TASK REQUIREMENTS: Everything in the listing below from the line containing "9 Patch with Hearts Amish quilts for sale" through the line containing "4 Bedroom Property" must be repeated exactly; the remaining lines are not wanted.

SOURCE DATA:
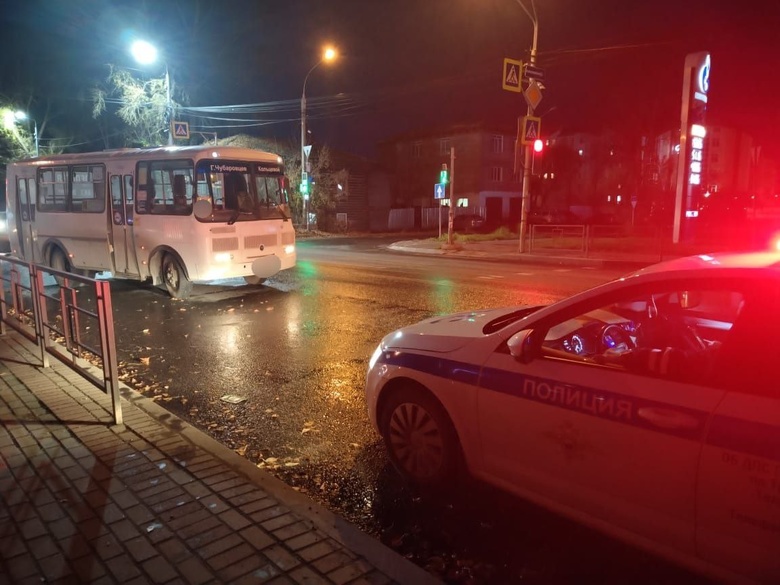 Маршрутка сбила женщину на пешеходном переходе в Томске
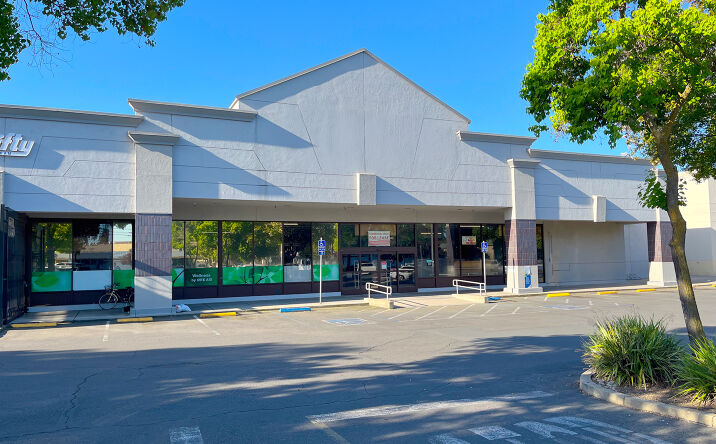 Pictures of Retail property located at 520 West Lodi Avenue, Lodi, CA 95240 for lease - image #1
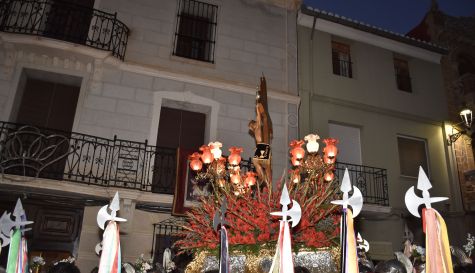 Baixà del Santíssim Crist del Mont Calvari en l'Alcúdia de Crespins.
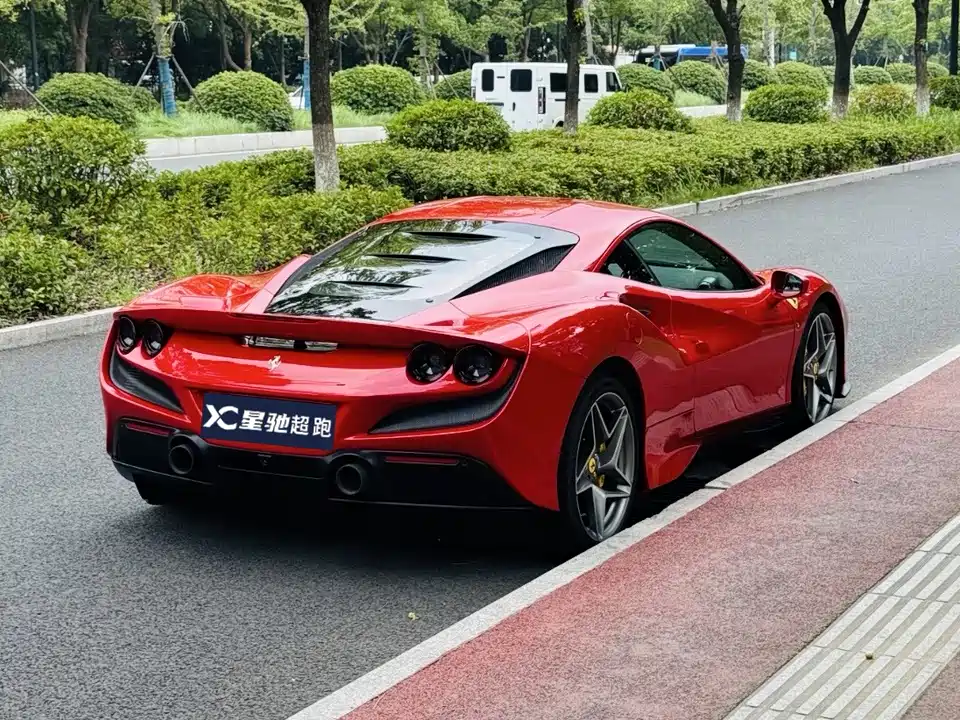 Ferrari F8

...

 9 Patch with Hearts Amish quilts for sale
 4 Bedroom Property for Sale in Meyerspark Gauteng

RESPONSE BOX:
 9 Patch with Hearts Amish quilts for sale
 4 Bedroom Property for Sale in Meyerspark Gauteng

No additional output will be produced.